Bailey-Roka thanked Nelson.
"We have been locked into this battle for years," she said. Bailey-Roka added that if the Legislature passed such a bill, "it would be a real tool in the arsenal of the PSC to better regulate WAPA. … I assure you we have no intention to micromanage their operations."
At the outset of the hearing, PSC member M. Thomas Jackson commented on the light attendance. Only Nelson was present for the duration of that hearing.
"I am a little perturbed today," Jackson said. "I am a private businessman and take offense that I am required to leave my business and be here today and so many of your colleagues who are paid for this are not here."
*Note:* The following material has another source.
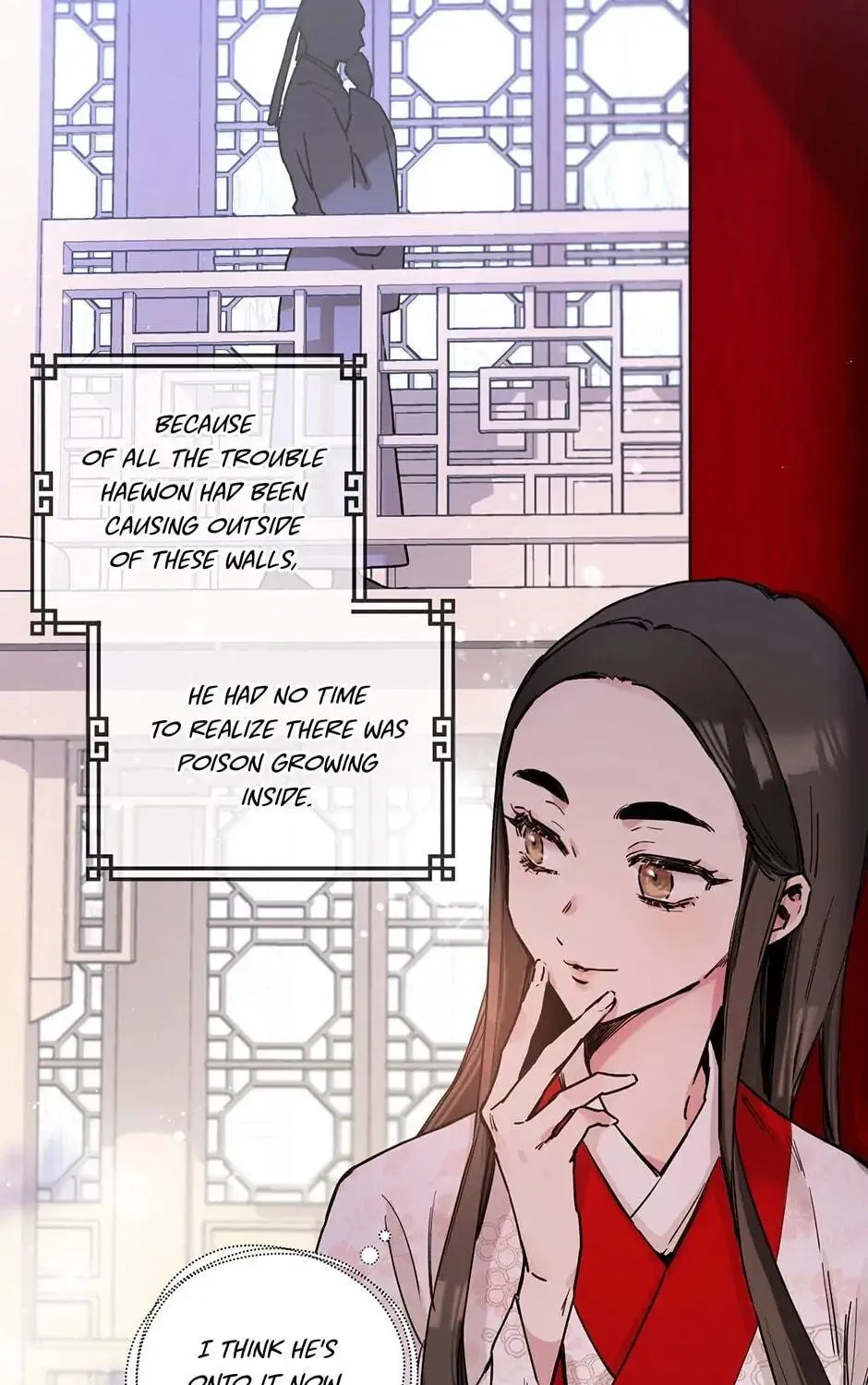 Read Master Villainess the Invincible! chapter 2 image 118 on Lezhin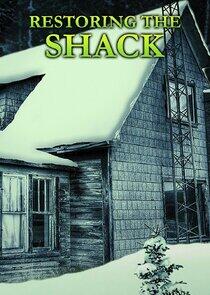 Restoring the Shack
Nelson asked some questions about the Levelized Energy Adjustment Clause; the LEAC fuel surcharge that makes up the largest part of ratepayer's utility bills.
"I am familiar with WAPA's predicament, with the cost of oil going up," Nelson said. "When they get these (LEAC) increases do they surpass the cost of the oil itself?"
"No they do not surpass the cost of fuel," Boschulte said. "In fact they are under-recovering. However the question of the PSC is should they pass that cost along to the customers… whether or not they are as efficient as they should be."
PSC Director Keithley Joseph presented a 2009 budget request of $1.5 million, all of which would come out of the PSC Revolving Fund, which the PSC replenishes by assessing levies on the utilities it regulates.
No votes were taken. Nelson was present. Absent were Sens. Liston Davis, Carlton "Ital" Dowe, Neville James, Ronald Russell, Juan Figueroa-Serville and James Weber III.